ACTION ITEM: When you transcribe the listing that follows, keep every line exact and omit the pictures.

GIVEN MATERIAL:

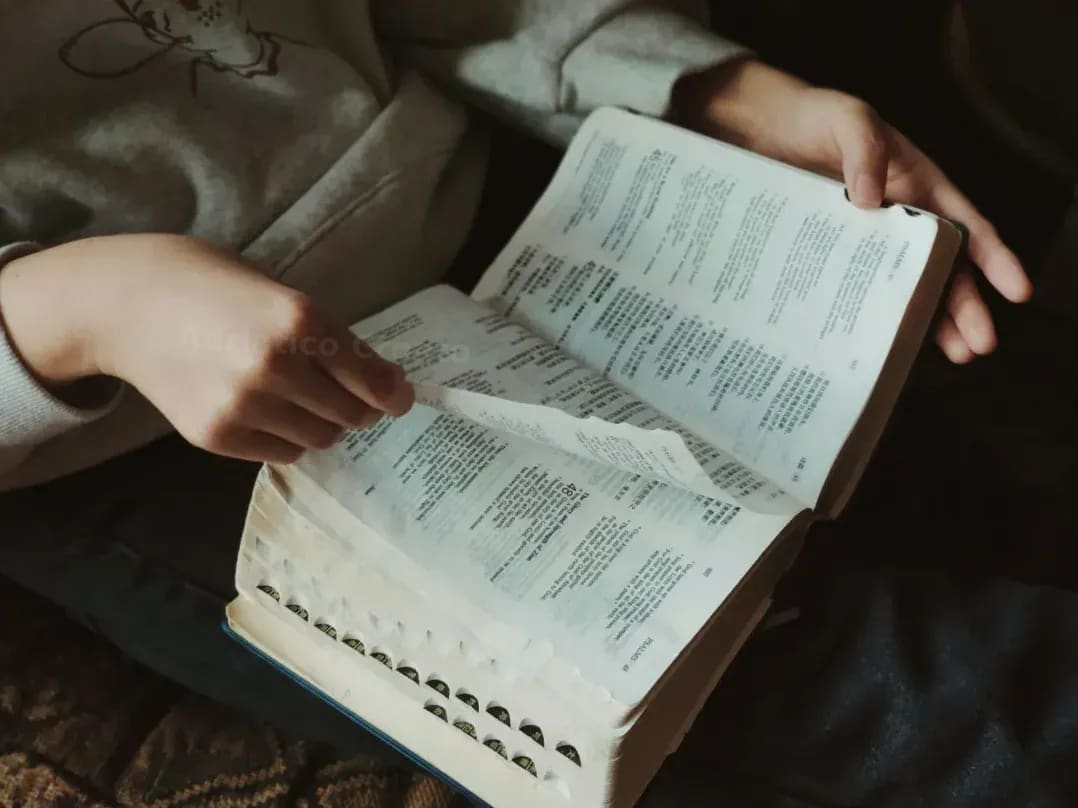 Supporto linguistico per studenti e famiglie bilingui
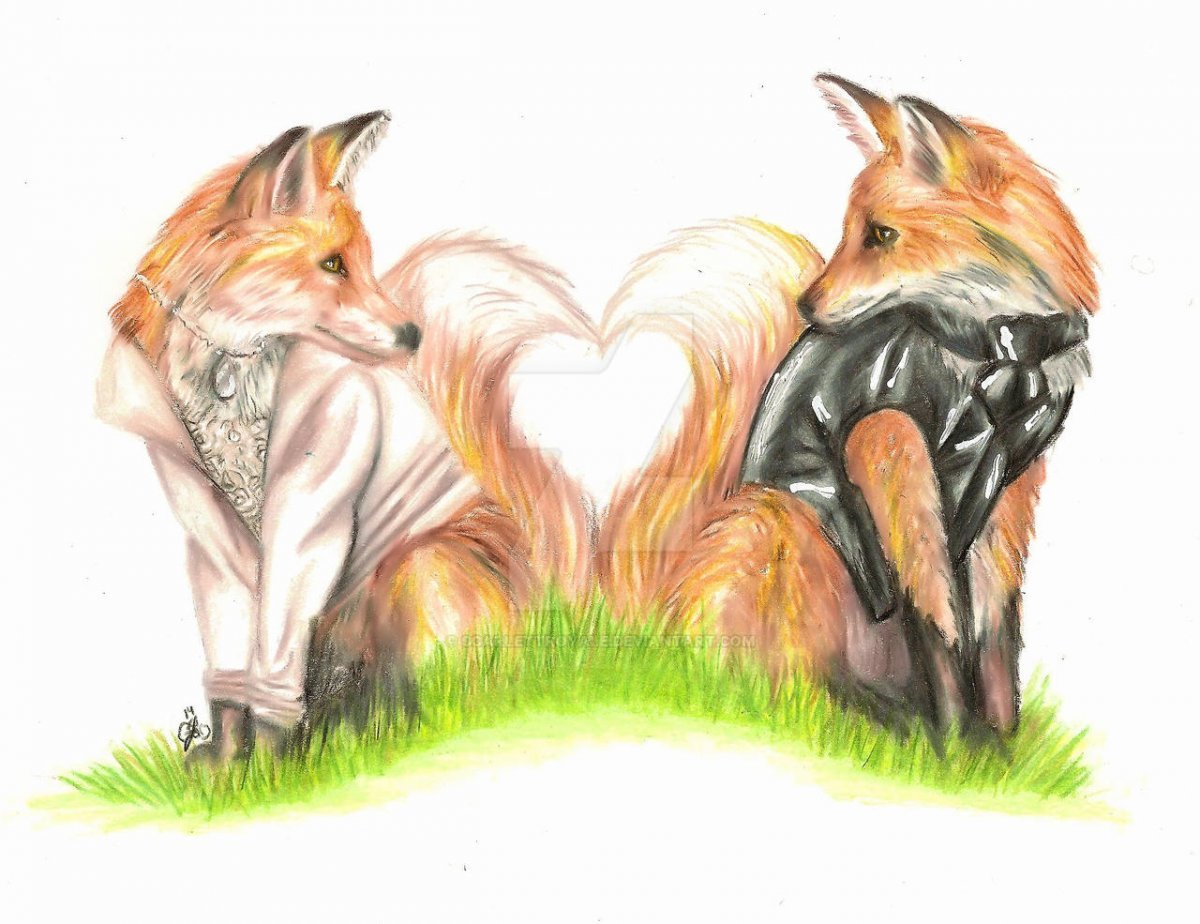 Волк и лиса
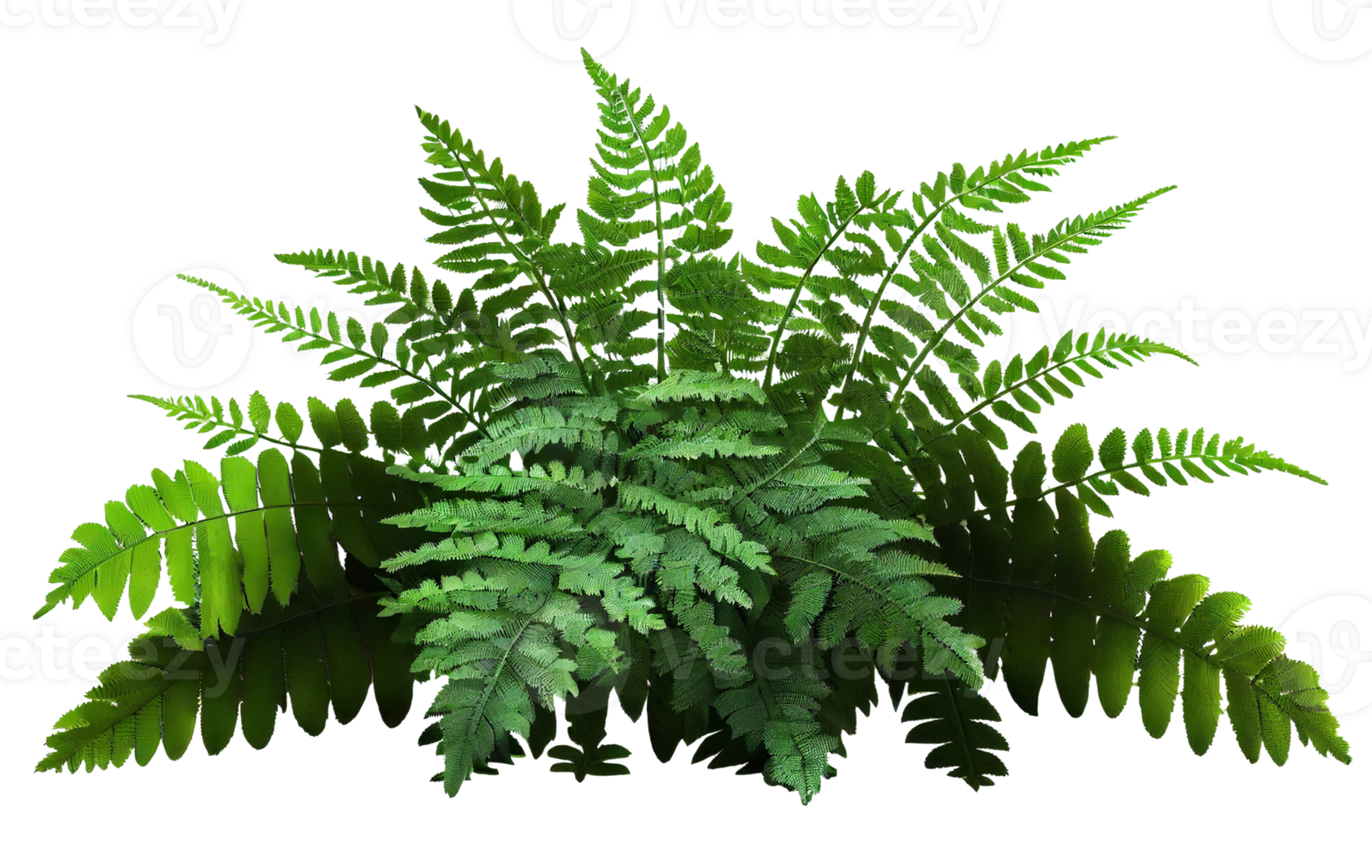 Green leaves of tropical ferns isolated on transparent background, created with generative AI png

REPLY:
 Supporto linguistico per studenti e famiglie bilingui
 Волк и лиса
 Green leaves of tropical ferns isolated on transparent background, created with generative AI png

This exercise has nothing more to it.